Tom Clancy’s Rainbow Six: Siege marks a major turning point for the series. A multiplayer game that breaks all the codes of Clancy, like authenticity, realism, and a plausible scenario. Ubisoft sought make an alternative to successful competitive games like CSGO, Overwatch, and Fortnite. The trend continues to this day with Rainbow Six: Extraction, which seeks to distance itself from the spirit of the Clancy franchise and its author.

Ghost Recon (2001)


They are a secret unit of the American Special Forces under the direct control of the American president and JSOC. The Ghosts are deployed in theatres of operation where the U.S. does not want to appear to be.

The scenario of the first GR is so realistic that it precisely anticipates the war that will oppose Georgia and Russia in 2008, and the following episodes focus on offering an extremely plausible geopolitical environment…At least until GR: Wildlands, and especially Breakpoint, (in which I modestly participated in making) which lose the essence of the Clancy heritage.

  • Splinter Cell (2002)

The series is less anchored in reality than the other Clancy games. Nevertheless, it gave rise to one of the most badass heroes is video games, Sam Fisher, as well as the modern infiltration game. At the time of its release Splinter Cell was considered the only true western competitor to Metal Gear Solid from Konami.
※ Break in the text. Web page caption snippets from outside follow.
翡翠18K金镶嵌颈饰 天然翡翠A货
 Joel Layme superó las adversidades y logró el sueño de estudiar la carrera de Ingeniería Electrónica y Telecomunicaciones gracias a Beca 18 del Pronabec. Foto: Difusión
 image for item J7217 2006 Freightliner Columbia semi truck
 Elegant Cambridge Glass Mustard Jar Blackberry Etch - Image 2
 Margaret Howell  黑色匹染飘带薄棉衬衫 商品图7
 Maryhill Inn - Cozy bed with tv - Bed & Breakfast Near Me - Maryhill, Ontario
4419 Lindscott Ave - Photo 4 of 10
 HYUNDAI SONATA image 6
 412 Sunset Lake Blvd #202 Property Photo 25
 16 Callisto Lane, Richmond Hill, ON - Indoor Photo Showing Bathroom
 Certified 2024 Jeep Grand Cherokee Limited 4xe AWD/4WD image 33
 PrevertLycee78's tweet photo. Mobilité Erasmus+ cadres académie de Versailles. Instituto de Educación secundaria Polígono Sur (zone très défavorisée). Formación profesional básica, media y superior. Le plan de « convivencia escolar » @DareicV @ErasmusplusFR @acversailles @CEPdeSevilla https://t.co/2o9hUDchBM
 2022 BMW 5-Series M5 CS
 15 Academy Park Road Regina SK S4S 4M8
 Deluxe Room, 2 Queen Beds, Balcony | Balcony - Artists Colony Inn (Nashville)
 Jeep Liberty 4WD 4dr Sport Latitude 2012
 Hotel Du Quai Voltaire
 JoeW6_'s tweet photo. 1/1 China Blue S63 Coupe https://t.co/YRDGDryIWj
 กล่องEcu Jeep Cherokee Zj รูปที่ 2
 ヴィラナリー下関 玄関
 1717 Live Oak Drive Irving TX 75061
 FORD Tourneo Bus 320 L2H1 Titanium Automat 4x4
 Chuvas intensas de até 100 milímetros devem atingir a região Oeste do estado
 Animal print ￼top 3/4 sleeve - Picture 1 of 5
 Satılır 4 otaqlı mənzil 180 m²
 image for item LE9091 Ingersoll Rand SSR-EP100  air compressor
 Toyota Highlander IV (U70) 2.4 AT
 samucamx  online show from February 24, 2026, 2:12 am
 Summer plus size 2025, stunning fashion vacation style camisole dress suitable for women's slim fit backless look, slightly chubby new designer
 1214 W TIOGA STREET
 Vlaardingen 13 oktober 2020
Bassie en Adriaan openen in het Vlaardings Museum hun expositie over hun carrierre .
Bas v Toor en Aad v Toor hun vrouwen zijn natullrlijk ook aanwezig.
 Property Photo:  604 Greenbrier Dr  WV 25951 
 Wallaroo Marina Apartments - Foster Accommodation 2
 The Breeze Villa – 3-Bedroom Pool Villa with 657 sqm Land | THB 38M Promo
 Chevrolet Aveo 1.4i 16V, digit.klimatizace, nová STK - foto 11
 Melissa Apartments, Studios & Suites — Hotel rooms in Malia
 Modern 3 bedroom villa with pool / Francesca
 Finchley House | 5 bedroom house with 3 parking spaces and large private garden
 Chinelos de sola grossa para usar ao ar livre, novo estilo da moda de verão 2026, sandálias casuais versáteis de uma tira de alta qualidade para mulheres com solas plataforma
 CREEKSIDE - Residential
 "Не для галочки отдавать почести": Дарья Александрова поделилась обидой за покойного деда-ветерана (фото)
Alas, the series also gradually slides towards pure action, especially with SC: Conviction and Blacklist. It also distorts the will of its creator, Tom Clancy, and disappoints the fans that made it popular in the first place. Ubisoft’s recent announcements concerning Sam, or lack thereof, unfortunately do not reassure us on an authentic return of Sam’s Echelon team.


A legacy of disappointment


At this point, I am wondering why Ubisoft persists in making these cartoonish parodies of Tom Clancy games. Each new game takes the franchise further away from its original nature. The brand is heartbreaking for us original fans who dream of authentic Clancy games. I’ve met many gamers nostalgic for the Red Storm era, evoking R6: Rogue Spear. Who will ever forget its incredible soundtrack by Bill Brown? Or they fondly remember Splinter Cell 2 and even R6: Vegas games.

The worst part is that the true Clancy formula now flourishes apart from its author. Excellent infiltration games are competently made by competing game companies and have taken over the recipe of Sam Fisher. While the single-player modes of Call of Duty and Battlefield have overtaken the authentic techno-thriller genre, with all the exciting twists and turns that used to be made by Red Storm. 

The announcement of Rainbow Six: Extraction received a bad reception and is now causing misunderstanding among the majority of players who wonder which direction the Clancy license is going. This crossroads is an opportunity for Ubisoft to disconnect from the Tom Clancy license and let it rest in peace with the author. Or else, push away from this sophomoric direction, put Tom Clancy back on his feet, and restore the nobility of the brand’s unique identity.